| Activity |
What comes back must be the data itself, retyped exactly.

| Stored data |
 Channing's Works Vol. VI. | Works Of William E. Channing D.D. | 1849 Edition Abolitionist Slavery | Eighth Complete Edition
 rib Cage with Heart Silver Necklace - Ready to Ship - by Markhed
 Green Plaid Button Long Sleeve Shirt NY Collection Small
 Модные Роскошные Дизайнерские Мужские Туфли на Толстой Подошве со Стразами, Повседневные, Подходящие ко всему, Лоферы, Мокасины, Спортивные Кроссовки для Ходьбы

| Exercise answer |
 Channing's Works Vol. VI. | Works Of William E. Channing D.D. | 1849 Edition Abolitionist Slavery | Eighth Complete Edition
 rib Cage with Heart Silver Necklace - Ready to Ship - by Markhed
 Green Plaid Button Long Sleeve Shirt NY Collection Small
 Модные Роскошные Дизайнерские Мужские Туфли на Толстой Подошве со Стразами, Повседневные, Подходящие ко всему, Лоферы, Мокасины, Спортивные Кроссовки для Ходьбы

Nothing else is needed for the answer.